Früh schon nahm die Gruppe an renommierten Fotoschauen teil und wurde dadurch international bekannt. Sie war auf den ersten photokina-Messen in Köln 1950 bis 1952 vertreten und ebenso bei den bahnbrechenden Ausstellungen „subjektive Fotografie I und II“ in Saarbrücken 1951 und 1954. Doch die Blütezeit von fotoform war kurz, sie dauerte nur wenige Jahre. Reisewitz nannte die Gruppe eine „hochexplosive Mischung“ von Individualisten. Bereits 1957 kam das endgültige Aus. Und so löste sich die Gruppe selbst zwar auf, doch ging sie in die breiter gefächerte, internationale Bewegung der subjektiven Fotografie über, die von fotoform-Wortführer Otto Steinert ins Leben gerufen worden war.
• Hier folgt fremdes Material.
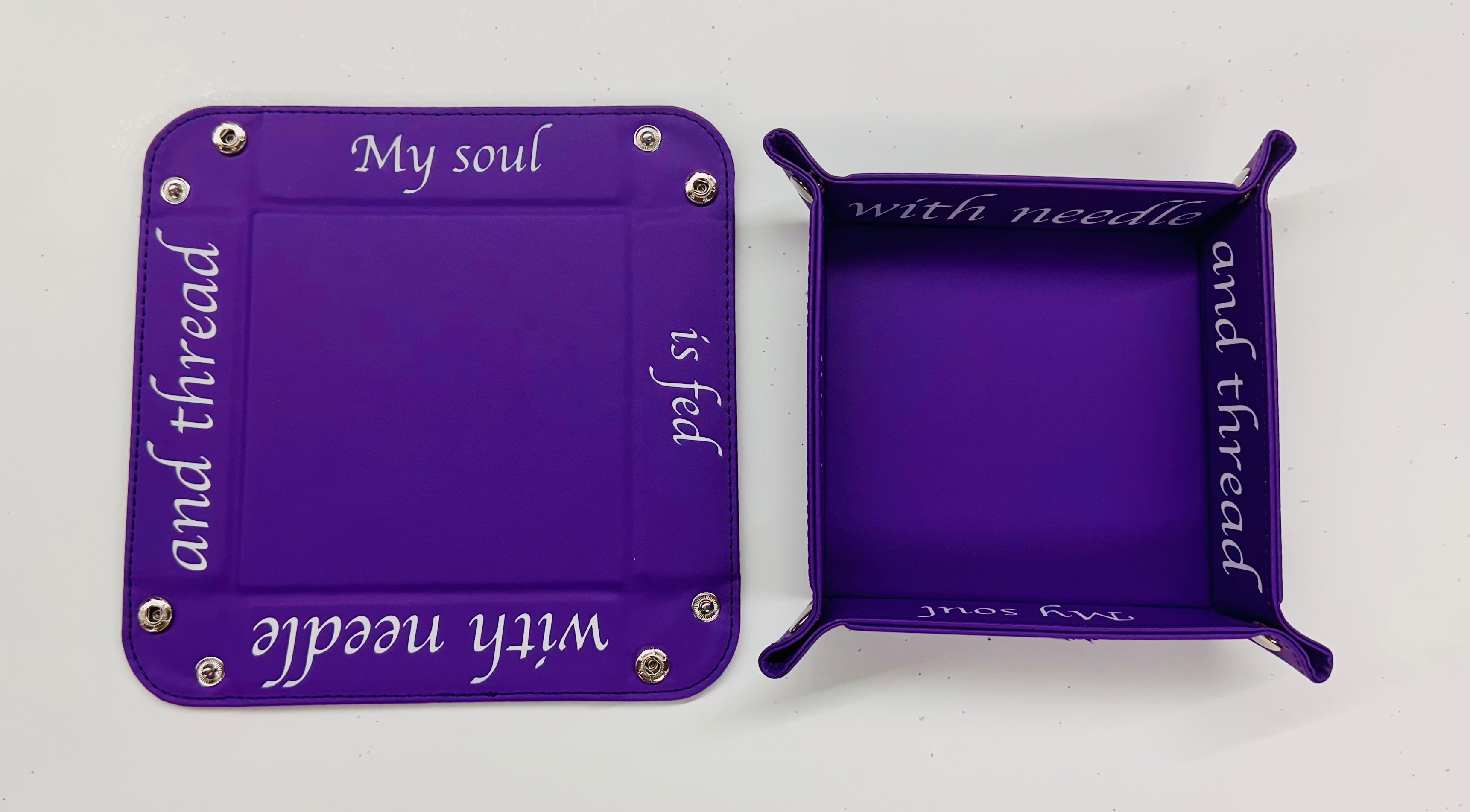 Accoutrement Designs Snap Trays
Drei der einstigen fotoform-Mitglieder sind eng mit der Bodenseeregion verbunden: Der Überlinger Fotograf Siegfried Lauterwasser war von früher Stunde an mit dabei. Der Lindauer Fotograf Toni Schneiders gehörte zu den Mitbegründern. Ihm ist es zu verdanken, dass sich der Berliner Fotokünstler Heinz Hajek-Halke ebenfalls der Gruppe anschloss. Hajek-Halke lebte und arbeitete zwischen 1934 und 1954 in Kressbronn.
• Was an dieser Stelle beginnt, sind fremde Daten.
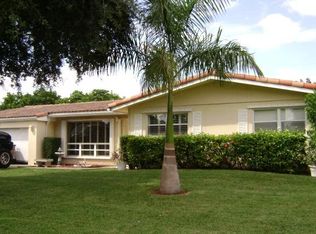 1005 SE 10th Ct, Deerfield Beach, FL 33441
Mit rund 90 Aufnahmen bietet die Meersburger Schau einen Einblick in das Schaffen aller fotoform-Mitglieder: Peter Keetmann (1916-2005), Siegfried Lauterwasser (1913-2000), Wolfgang Reisewitz (1917-2012), Toni Schneiders (1920-2006), Otto Steinert (1915-1978) und Ludwig Windstoßer (1921-1983), Heinz Hajek-Halke (1898-1983) und Christer Strömholm (1918-2002). Im Blickfeld steht dabei auch ihre Kommunikation, welche Aufschlüsse über die Entwicklung der Gruppe und über den Prozess ihrer Bildfindung ermöglicht. Den Schwerpunkt der Ausstellung bilden die Arbeiten von Siegfried Lauterwasser und Toni Schneiders.
Erstmals sind fotoform-Arbeiten von Lauterwasser und Schneiders hier in einer themenzentrierten Schau zu sehen. Auch stellt die Präsentation der gesamten Gruppe fotoform in der Region ein Novum dar. Kuratorin Dorothea Cremer-Schacht von der Projektgruppe Fotografie am Bodensee, Konstanz, greift damit den Ausgangspunkt auf, um nach 65 Jahren in einem umfassenden Rückblick an fotoform und die subjektive Fotografie zu erinnern. Mit wertvollen Leihgaben aus dem Folkwang Museum Essen und teils seltenen Arbeiten aus dem reichen Nachlass von Lauterwasser und Schneiders wird diesem besonderen Aspekt der Fotografie aus den 1950er-Jahren Raum gegeben.